==== EXERCISE INPUTS

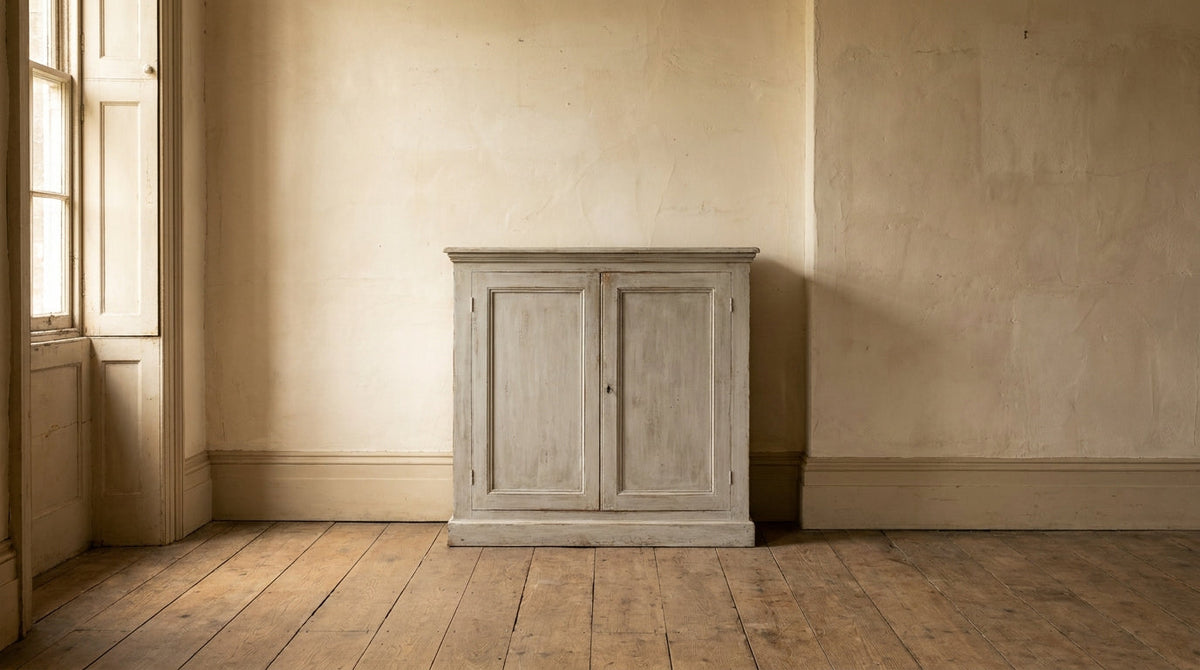 Lifestyle scene featuring a painted pine cabinet with a Gustavian grey finish. AI-generated supplementary image; refer to primary product photos for color and material accuracy.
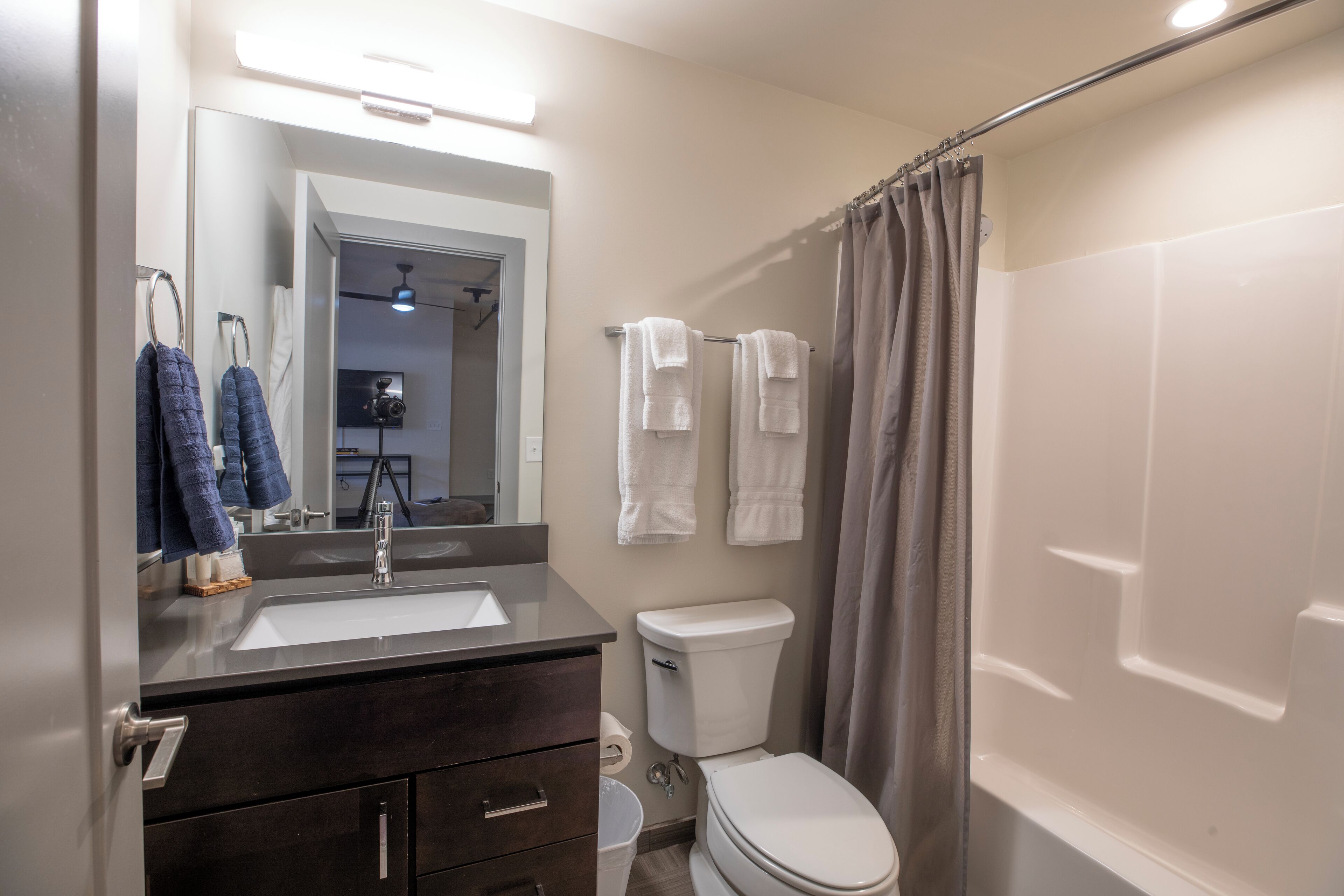 Une salle de bain équipée d’un lavabo, d’un miroir, de toilettes et d’un rideau de douche.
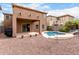 Backyard featuring a small pool with rock landscaping and a covered patio connected to the home at 17358 N 185Th Ln, Surprise, AZ 85374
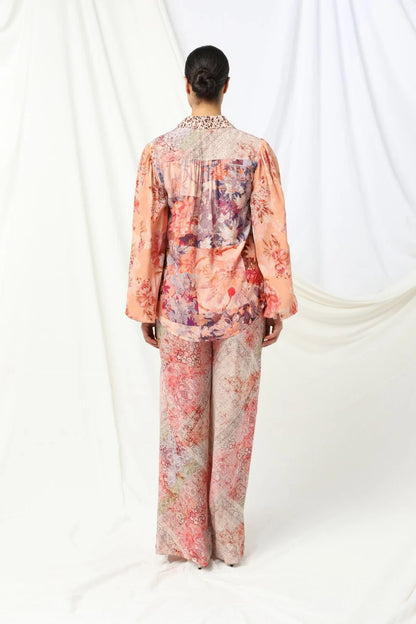 the kachel lorelai shirt feautres a floral print with soft animal print tones in soft pink with a feminine touch.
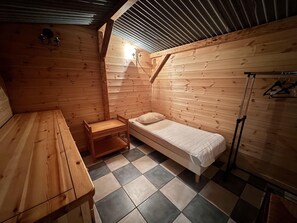 A small wooden room with a bed, a table, and a chair. - 300 meters from the ski slopes, patio, 120 m², Vars (Vars)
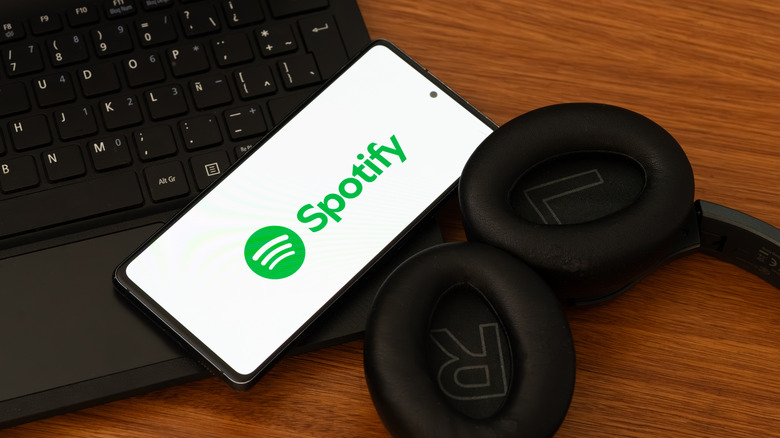 Spotify logo on a mobile device next to a laptop and headset on a wooden table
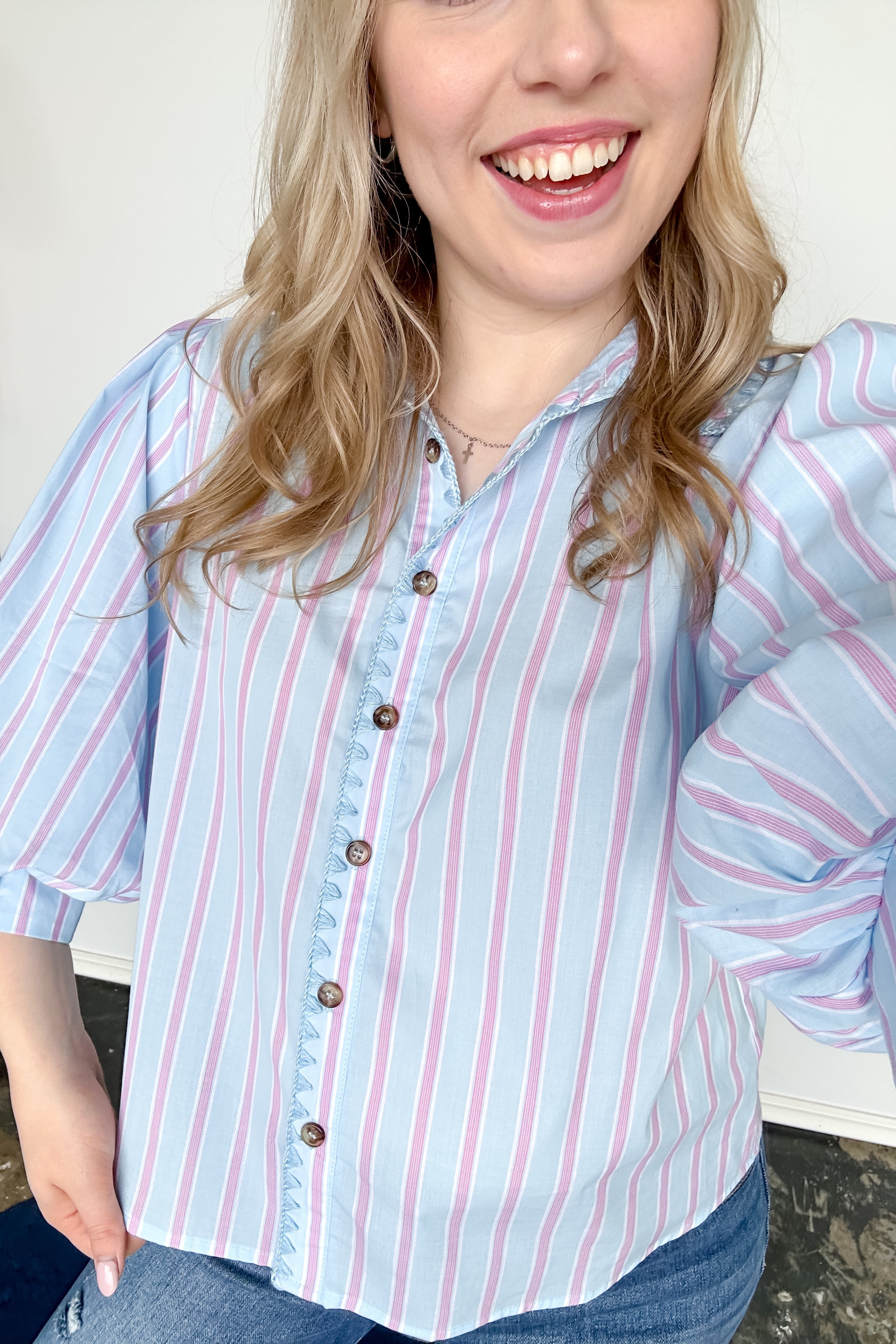 Collared light blue top with pink pin stripes with a touch of white. Button up style. Loose fit. 3/4 length sleeves that have a slight puff look to them.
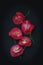 Red poppies on a black background, shot from above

========

Starting with the line that holds "Backyard featuring a", transcribe exactly each line through the last one of the material above, and nothing else. Do not include pictures.

 Backyard featuring a small pool with rock landscaping and a covered patio connected to the home at 17358 N 185Th Ln, Surprise, AZ 85374
 the kachel lorelai shirt feautres a floral print with soft animal print tones in soft pink with a feminine touch.
 A small wooden room with a bed, a table, and a chair. - 300 meters from the ski slopes, patio, 120 m², Vars (Vars)
 Spotify logo on a mobile device next to a laptop and headset on a wooden table
 Collared light blue top with pink pin stripes with a touch of white. Button up style. Loose fit. 3/4 length sleeves that have a slight puff look to them.
 Red poppies on a black background, shot from above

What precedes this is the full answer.